I'm okay with you requiring proof before believing something exists. My issue is your assumption that actively not believing in it is the natural alternative. This is logically incorrect. There is a middle area where you are unsure if it exists or not.

It's the standard position that extraordinary claims require extraordinary proof and without that kind of proof, then I have no good reason to believe in something simply because it cannot be disproved.

Again, see my response above. I'm not arguing this point. It is the next step of assuming this means you can positively disclaim the possibility that I argue.

You could say that I am unsure if pink unicorns exist and technically, I am unsure...However, I personally take a shortcut...When presented with fanciful stories (especially ones that seem to have an ulterior motive) I take the default position of not believing in it.

And this shortcut is the problem. When pressed, you are finally willing to admit you are unsure. But that isn't your default answer nor one you want to give. There remain areas on this earth hardly touched by modern science. We discover new species on a daily basis. If I were betting on it, I'd definitely put money on there being no pink unicorns but I cannot say I know they don't exist. I agree that it is very doubtful that such a creature exists, but neither you nor I know that they don't. Claiming they don't exist is a statement based on faith, not scientific knowledge.

Like I said, it's largely just a semantic difference between the two statements as they are so closely related.

Then I suppose you are willing to grant the same minor semantic difference to someone who knows there is a supernatural god? Of course they can't really know it, but they've decided that the odds are against the entire universe being created from nothing based upon the currently defined laws of physics. Science still has no good answer for how the universe got here and what happened before that. Your lack of extraordinary evidence is sufficient for them to comfortably believe in a Creator, right?

Comment Re:Texas Barely Registers (Score 1) 544

Not believing in gods is not an act of faith.

Ahh, I see either you fall into the same camp or you're being intentionally dishonest. I clearly said that claiming there is no god is an act of faith, which is not the same as not believing in a god.
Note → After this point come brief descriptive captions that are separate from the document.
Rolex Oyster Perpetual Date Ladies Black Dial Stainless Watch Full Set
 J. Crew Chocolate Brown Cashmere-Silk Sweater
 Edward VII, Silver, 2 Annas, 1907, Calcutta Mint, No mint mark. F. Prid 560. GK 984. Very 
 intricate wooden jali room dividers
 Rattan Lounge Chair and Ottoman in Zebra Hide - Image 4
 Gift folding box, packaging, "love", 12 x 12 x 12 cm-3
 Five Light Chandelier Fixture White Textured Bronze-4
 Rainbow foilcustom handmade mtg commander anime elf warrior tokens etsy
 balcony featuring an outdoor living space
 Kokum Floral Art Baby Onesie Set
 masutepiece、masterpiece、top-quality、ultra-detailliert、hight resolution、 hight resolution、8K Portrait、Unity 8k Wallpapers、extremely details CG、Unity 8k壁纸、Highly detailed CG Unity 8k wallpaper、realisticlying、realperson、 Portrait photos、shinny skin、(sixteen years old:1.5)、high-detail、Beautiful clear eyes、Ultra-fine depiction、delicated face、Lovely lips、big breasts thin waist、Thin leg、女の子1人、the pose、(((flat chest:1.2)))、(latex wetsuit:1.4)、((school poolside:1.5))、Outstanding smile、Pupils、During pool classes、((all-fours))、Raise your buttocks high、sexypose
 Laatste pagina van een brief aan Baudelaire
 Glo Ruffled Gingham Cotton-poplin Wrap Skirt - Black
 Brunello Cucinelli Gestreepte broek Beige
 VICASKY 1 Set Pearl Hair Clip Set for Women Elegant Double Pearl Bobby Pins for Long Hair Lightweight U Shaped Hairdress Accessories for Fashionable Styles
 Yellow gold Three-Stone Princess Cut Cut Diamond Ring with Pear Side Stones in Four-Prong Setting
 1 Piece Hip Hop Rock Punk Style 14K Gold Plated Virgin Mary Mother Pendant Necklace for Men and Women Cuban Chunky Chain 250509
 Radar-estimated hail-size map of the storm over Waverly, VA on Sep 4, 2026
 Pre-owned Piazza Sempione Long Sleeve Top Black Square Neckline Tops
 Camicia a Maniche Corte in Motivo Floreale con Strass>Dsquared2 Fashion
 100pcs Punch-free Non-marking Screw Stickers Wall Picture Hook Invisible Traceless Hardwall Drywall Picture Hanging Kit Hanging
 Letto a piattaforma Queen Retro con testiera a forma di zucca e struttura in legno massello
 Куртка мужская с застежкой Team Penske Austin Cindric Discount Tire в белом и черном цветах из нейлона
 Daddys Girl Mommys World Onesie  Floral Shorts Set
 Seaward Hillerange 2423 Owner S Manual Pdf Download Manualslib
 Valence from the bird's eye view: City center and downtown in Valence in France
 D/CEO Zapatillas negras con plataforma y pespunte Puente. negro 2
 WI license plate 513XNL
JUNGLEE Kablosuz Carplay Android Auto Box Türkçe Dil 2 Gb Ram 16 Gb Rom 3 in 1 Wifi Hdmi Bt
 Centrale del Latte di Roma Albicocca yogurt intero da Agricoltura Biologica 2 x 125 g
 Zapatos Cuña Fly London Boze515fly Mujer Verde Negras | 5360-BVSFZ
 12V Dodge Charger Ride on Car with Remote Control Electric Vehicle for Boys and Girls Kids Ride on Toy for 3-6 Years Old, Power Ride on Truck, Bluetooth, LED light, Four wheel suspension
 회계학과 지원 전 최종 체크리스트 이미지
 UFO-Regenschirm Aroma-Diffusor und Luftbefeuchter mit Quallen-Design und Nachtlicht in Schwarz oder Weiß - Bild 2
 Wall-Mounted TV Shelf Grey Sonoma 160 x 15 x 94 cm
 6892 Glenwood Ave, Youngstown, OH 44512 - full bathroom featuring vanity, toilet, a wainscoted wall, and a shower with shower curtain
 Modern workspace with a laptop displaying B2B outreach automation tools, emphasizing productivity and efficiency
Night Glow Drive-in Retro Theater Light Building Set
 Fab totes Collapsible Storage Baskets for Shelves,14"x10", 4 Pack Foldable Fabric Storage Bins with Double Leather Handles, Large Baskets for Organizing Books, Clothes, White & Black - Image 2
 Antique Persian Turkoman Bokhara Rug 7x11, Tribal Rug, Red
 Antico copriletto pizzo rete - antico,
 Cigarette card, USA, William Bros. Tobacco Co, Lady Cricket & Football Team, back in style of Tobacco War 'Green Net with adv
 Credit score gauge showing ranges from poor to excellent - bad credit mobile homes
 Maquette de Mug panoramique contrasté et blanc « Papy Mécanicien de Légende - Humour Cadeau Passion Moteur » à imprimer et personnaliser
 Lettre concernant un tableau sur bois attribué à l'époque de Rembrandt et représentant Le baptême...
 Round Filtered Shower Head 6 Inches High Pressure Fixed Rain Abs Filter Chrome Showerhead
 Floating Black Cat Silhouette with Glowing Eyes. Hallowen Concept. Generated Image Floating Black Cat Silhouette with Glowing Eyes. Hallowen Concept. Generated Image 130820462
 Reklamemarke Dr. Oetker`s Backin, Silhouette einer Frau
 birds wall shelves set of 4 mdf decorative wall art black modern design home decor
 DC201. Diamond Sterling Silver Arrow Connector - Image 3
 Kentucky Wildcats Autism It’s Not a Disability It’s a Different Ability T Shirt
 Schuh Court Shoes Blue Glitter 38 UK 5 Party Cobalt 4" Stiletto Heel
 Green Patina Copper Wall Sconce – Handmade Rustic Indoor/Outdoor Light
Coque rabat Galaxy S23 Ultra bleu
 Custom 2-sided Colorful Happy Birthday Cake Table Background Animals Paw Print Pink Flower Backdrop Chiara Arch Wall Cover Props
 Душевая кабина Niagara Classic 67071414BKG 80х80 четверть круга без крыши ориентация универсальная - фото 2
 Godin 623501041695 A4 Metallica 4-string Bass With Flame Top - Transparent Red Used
The distinction between "I believe there are no invisible pink unicorns" and "I do not believe in invisible pink unicorns" is not particularly relevant to most atheists and usually just an exercise in semantics

You are correct in your first statement, the difference is not important to many atheists. You are wrong in that is it just an exercise in semantics. There is a huge difference. In your first quoted sentence, you are taking the affirmative position that pink unicorns do not exist. In the second, you are unsure if pink unicorns exist.

Comment Re:Texas Barely Registers (Score 1) 544

Too many atheists are merely disillusioned Christians who cannot grasp the notion of being okay with uncertainty. To claim there is no god or supreme power in the universe requires just as much faith as claiming there is one God who gave you a book of rules. If you want to go insane, try to explain to the average atheist that these two statements are not logically equal: "I believe there is no god" and "I do not believe in a god". As long as you espouse the former, you remain firmly in the faith-based realm of religion and myth.

Comment Re:Teach all alternate theories (Score 1) 770

We homeschool and do not do it for religious reasons. We live in the heart of conservative Christianland and there are secular groups even here. We are a minority but a growing one. The stereotype to which I objected is out of date and only serves to discourage others.